Not that the union between Square and Enix was entirely without friction. Talks first began in 2000 but were delayed; the release of Final Fantasy: The Spirits Within – a C.G.I. movie, written, directed, and generally dragged into being by Sakaguchi, with no one who could say “No” – had drained Square’s finances. Enix, which had a reputation not just for outsourcing, and for diffusing its focus among multiple projects, but for frugality, pulled back from the merger until Square had balanced its accounts. When, in 2003, Square had stabilised, thanks in part to the successes of Final Fantasy X and Kingdom Hearts, Enix agreed to go ahead. Takashi Oya, of Deutsche Securities, casted doubt on the merger, citing the companies’ opposing strategies as a possible rub. “Enix outsources game development and has few in-house creators, while Square does everything by itself. The combination of the two provides no negative factors but would bring little in the way of operational synergies.”
Twenty years on, the operational synergies more or less speak for themselves. It’s easy, and maybe a little pat, to look at the company’s output and note the needle as it flicks between creeds: as the publisher put out a wealth of untypical titles, such as Tomb Raider, Hitman, and Deus Ex, for example, to credit the profusion to the Enix touch. Likewise, you could look at the company’s recent decision to sell off these franchises and call it a classic example of Square-style consolidation. The truth, though, is likely somewhere in between.
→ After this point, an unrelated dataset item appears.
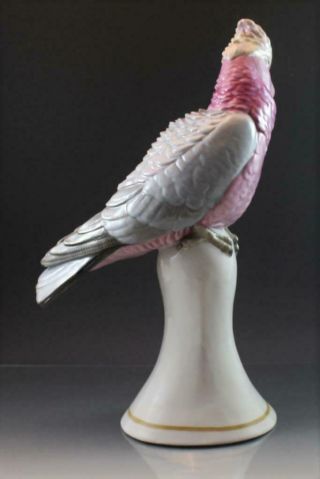 C1920 Signed Karl Ens German Porcelain Bird Figurine Cockatoo Parrot Large 5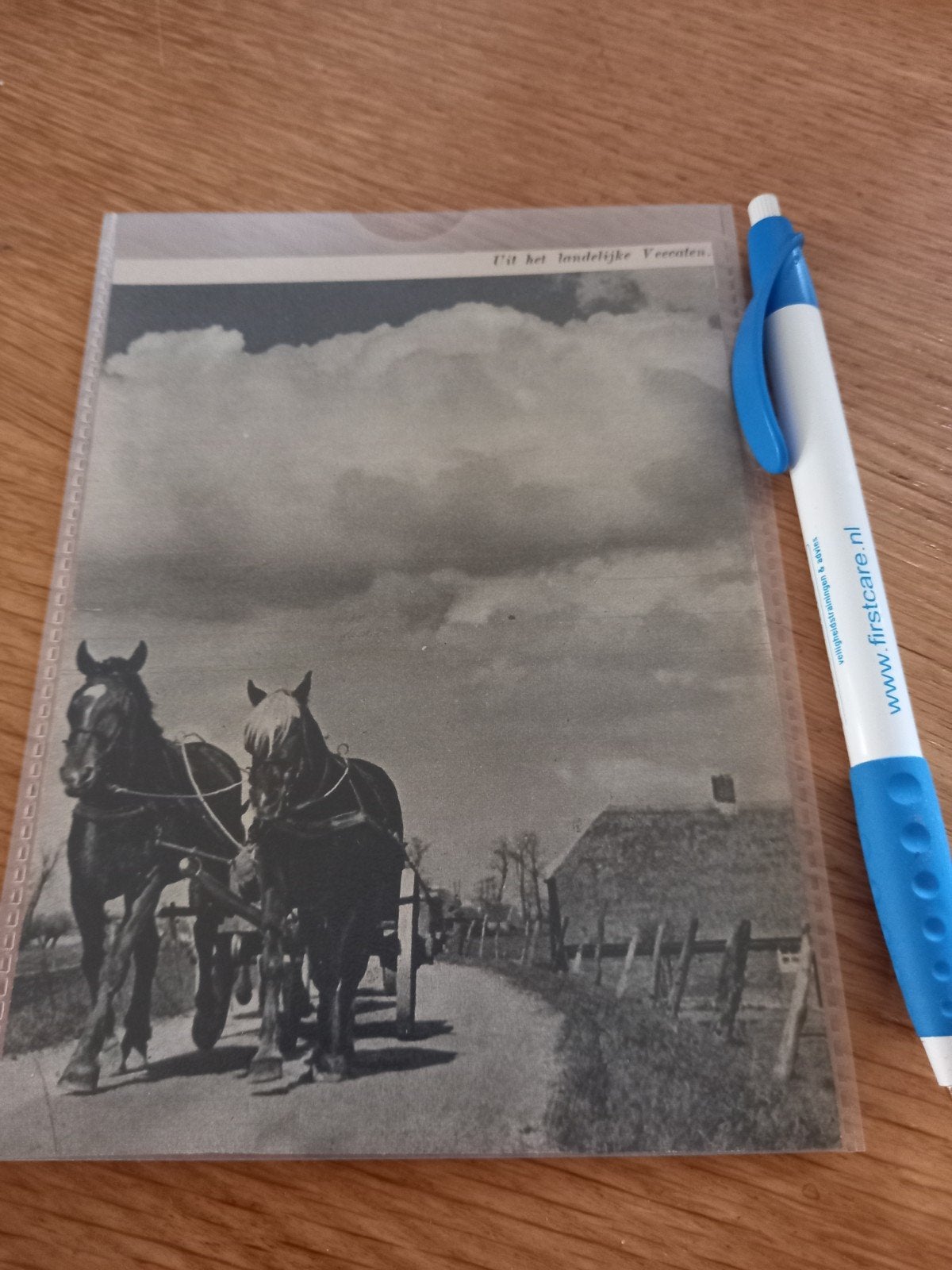 Veecaten, Ophalen of Verzenden, Voor 1940, Gebruikt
How else to view the spree of acquisitions, in the wake of the Square Enix merger (Taito, Eidos, Crystal Dynamics, all swallowed up) if not a commingling of company approaches – a fusion of Enix’s knack for contracting outside talent and Square’s desire to keep the focus, and the spirit, within.
As we are assailed, on a weekly basis, with news stories steeped in the mud of Microsoft’s attempt to purchase Activision Blizzard, and its ongoing fracas with Sony, it’s worth remembering that there are times when companies fastening together can be a happy thing. Beyond simply raising a bulwark against market competition, and injecting the coffers with fresh cash, the Square Enix merger saw two publishers channelling their idiosyncratic methods, finding a middle ground, and forging ahead. There was one person who opposed the move, back in 2003: Masafumi Miyamoto, the man who started it all. The reason? His ownership stake would be significantly diluted, as the company grew. In the end, though, he voted to approve. Perhaps, putting aside his own shortfall, he understood what a good computer game company should be.